Des dispositions critiquées par des syndicats
La Confédération paysanne et treize autres syndicats et organisations s’inquiètent de l’exclusion pour certaines productions : « En supprimant le dispositif existant des calamités agricoles pour le remplacer par l’assurance privée, le gouvernement exclut toutes les paysannes et tous les paysans qui, faute de trésorerie, n’ont pas les moyens de souscrire à une assurance récolte. Mais il exclut aussi des productions essentielles, comme le maraîchage diversifié ou l’apiculture, qui ne sont pas assurables alors qu’elles sont en première ligne face au changement climatique ». Elle ajoute que les fonds européens pour la prise en charge des primes d’assurance « auraient pu bénéficier aux mesures agro-environnementales ou à l’agriculture biologique ».
De son côté, la Coordination rurale estime que la réforme met en jeu « un dispositif trop coûteux pour pouvoir être utilement et massivement souscrit », notant que certains assureurs avaient déjà annoncé une augmentation de leurs primes de 10 à 25 % en 2022.
Les derniers arbitrages sur les seuils de franchise et le taux de subvention de l’assurance ne sont toujours pas rendus, alors que la réforme doit entrer en vigueur au 1er janvier 2023.

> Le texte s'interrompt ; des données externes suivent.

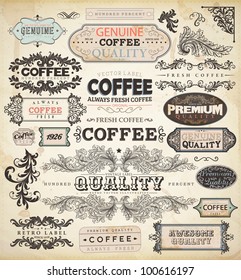 Collection of vintage elements for Coffee design: retro coffee badges and labels, old style floral ornaments, frames and borders | eps10 vector set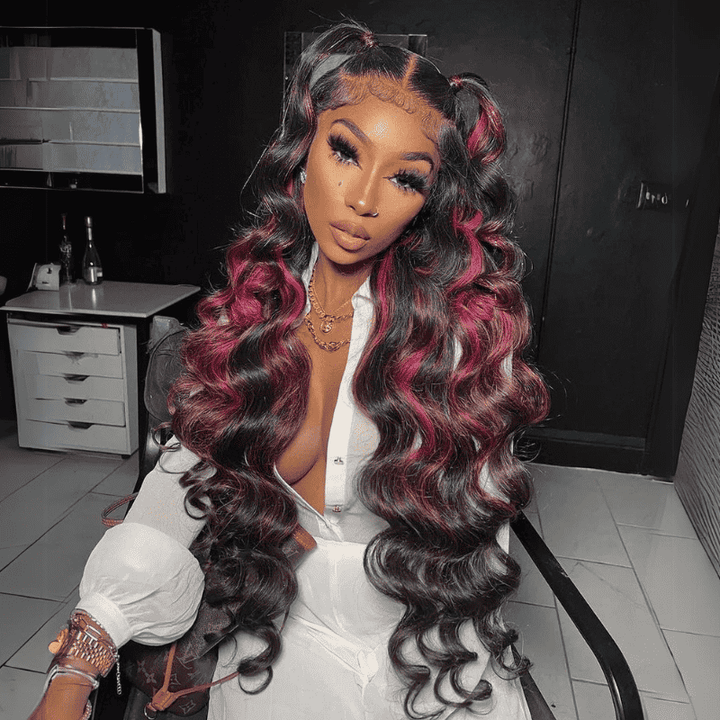 30 32 34 36 inch black wig with Red Highlights, 250% density 13x4 lace front
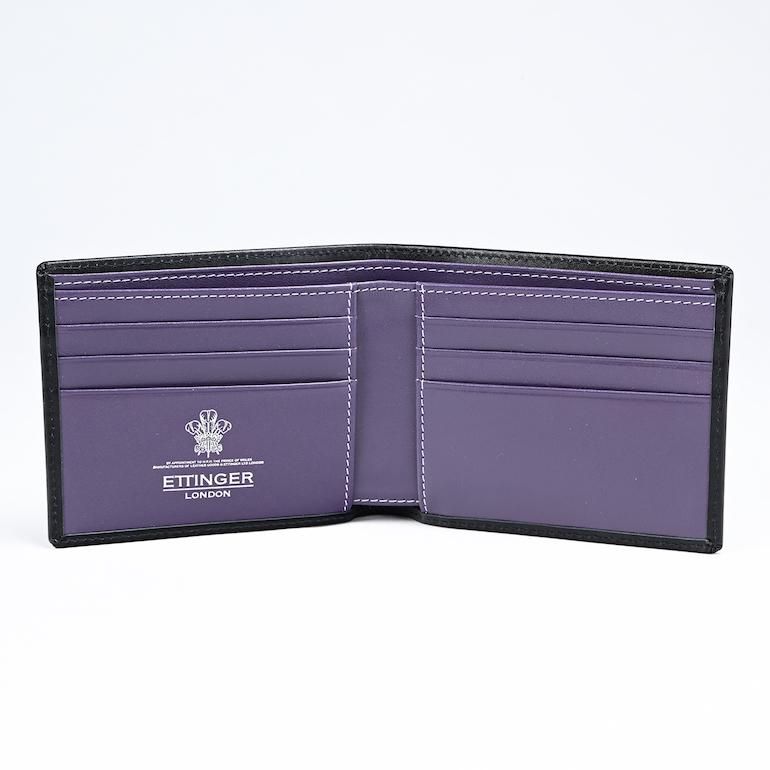【未使用】エッティンガー　ロイヤルコレクション　二つ折り財布　パープル　小銭入れ ETTINGER エッティンガー 二つ折り財布 小銭入れ無し メンズ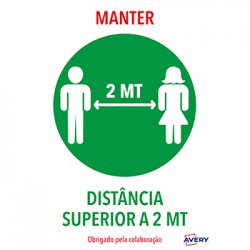Sinalética Manter Distância Adesivo A4 2un AVEKITCOVID4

« On attend désormais les décrets », a déclaré Jean-Christophe Roubin, directeur du marché de l’agriculture à Crédit Agricole SA.
« L’effectivité de cette réforme le 1er janvier 2023 va nécessiter une mobilisation sans précédent des assureurs, des organisations professionnelles agricoles et de l’administration afin de publier, dans des délais extrêmement contraints, les décrets, arrêtés et cahiers des charges nécessaires à la mise en œuvre opérationnelle du dispositif », déclare pour sa part Groupama dans un communiqué du 12 septembre.